I'm looking at getting a lathe and a mill. Looking at the Acra 1440TE, PM 1440TL and Kent RML1440. I have visited a tech school 2 weeks ago (4.5 hours one way) that had 4 used and 3 new ACRA 1440TE lathes in their shop. So I have actually got to see them. The tech school liked them so much they got rid of the older non Acra machines and went with Acra to replace them and add to their current inventory. Acra and Kent I believe are 1 year warranty, PM is 5 year. I have not seen any Precision Matthew (PM) equipment to know how they compare. I have a dealer 4 hours the other direction that sells Acra but also sell Kent machines. He uses Kent in his own shop and prefers them. I have not gotten to go that way yet but would like to in a couple weeks. Acra & PM are very close in price, have not gotten a price on Kent. I only have single phase so would have to go with converter. I believe the Kent is a VFD lathe.

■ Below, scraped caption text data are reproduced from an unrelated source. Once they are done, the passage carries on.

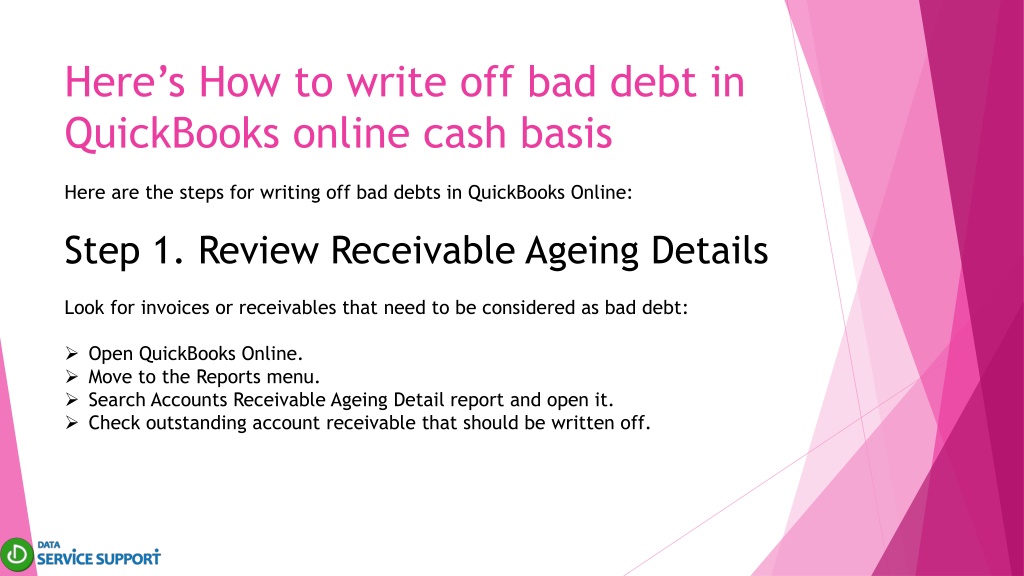 ppt-verify-steps-to-eliminate-of-writing-off-bad-debts-in-quickbooks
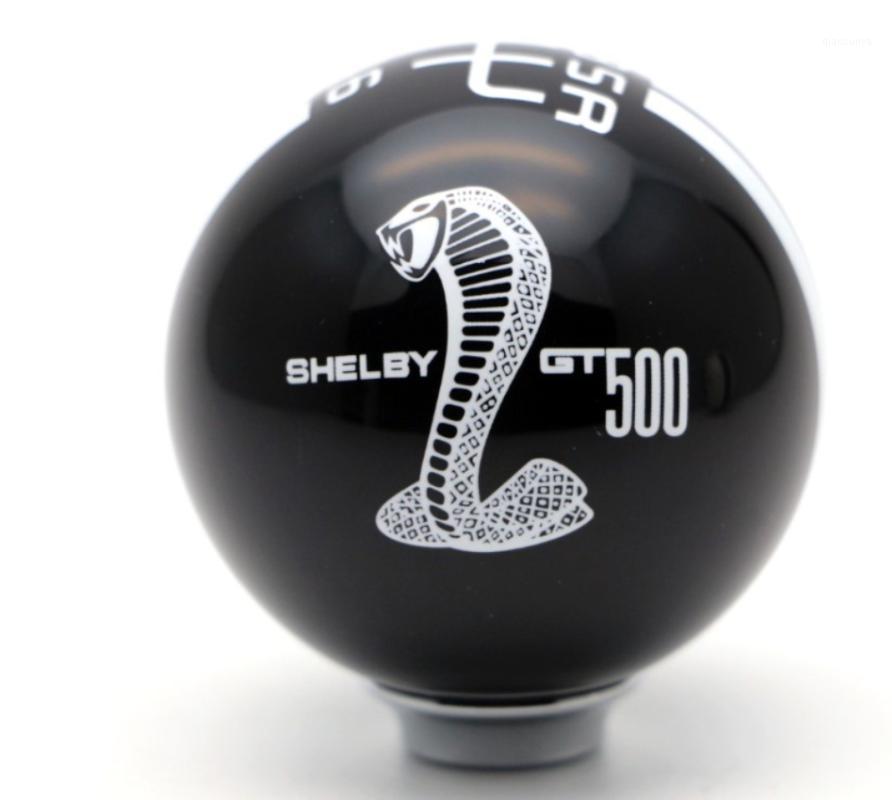 

Gear 6 Speed Round Ball Type R S Shifter For Mustang Shelby GT 500 Cobra Manual Gear Shift Knob Trim Selector Red White Black1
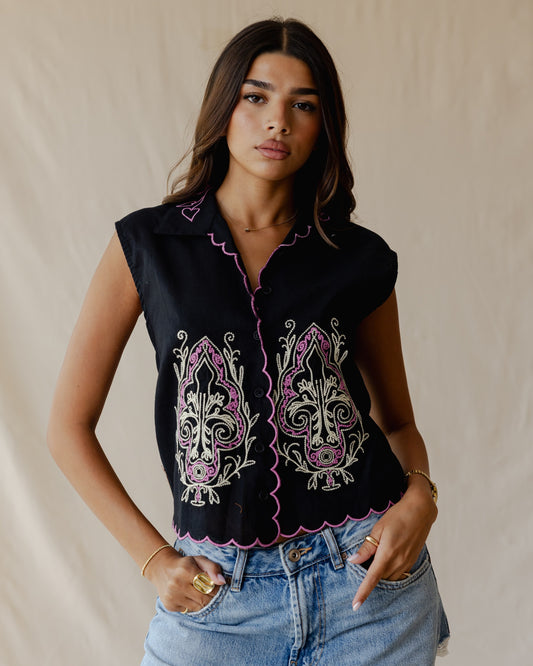 Rosette Boom Vest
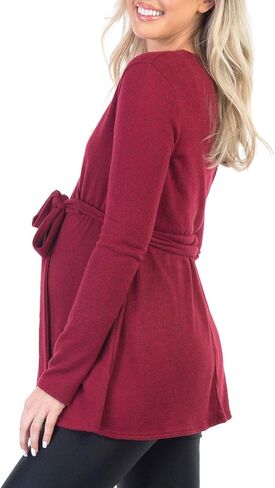 تونيك نسائي للحوامل ملفوف صناعي مع حزام خصر in Kuwait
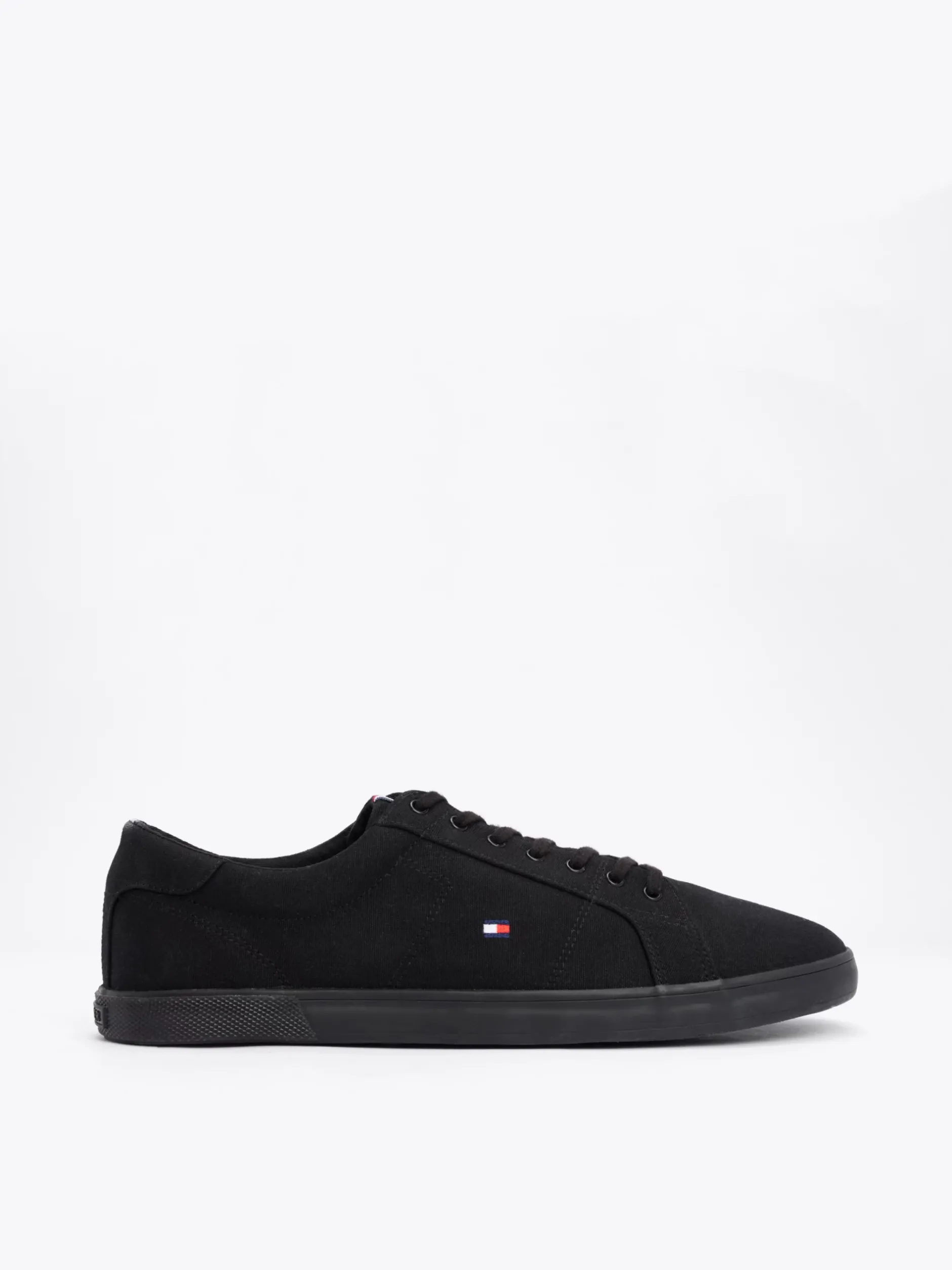 Sneakersy*Tommy Hilfiger Tenisówki Płócienne Sznurowane BLACK / BLACK
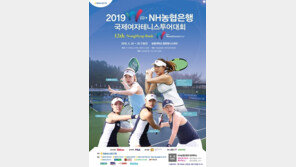 최지희 장수정 등 출전, 농협국제테니스 20일 개막해 7일간 열전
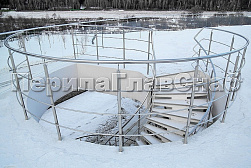 Перила для лестниц из металла в Перми. Готовые проекты ПерилаГлавСнаб - фото 1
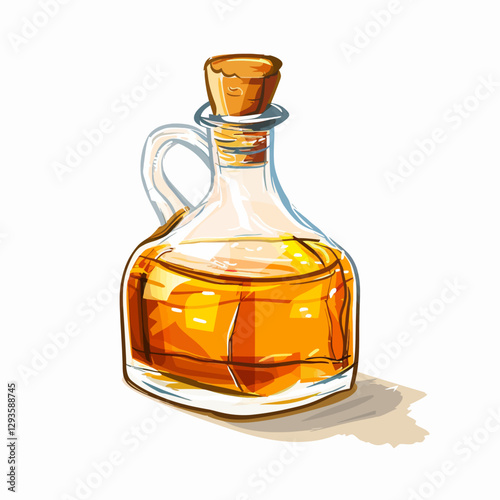 bottle of olive oil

The tech school had some Acer and Acra mills, they didn't really seem fond of the Acer but liked the Acra. The Acra is not the model# I was looking at but I liked how it seemed to work. I,m looking at the LCM42 or LCM50, not much difference in price and they have the round Bridgeport style head. The Acra weys and table are scraped. The PM version would be the 1050TS/TV, probably the TV 1ph or TS 3 ph and VFD converter depending on which one in stock. It says their ways are ground but nothing on scraping. Not sure if that would make much difference.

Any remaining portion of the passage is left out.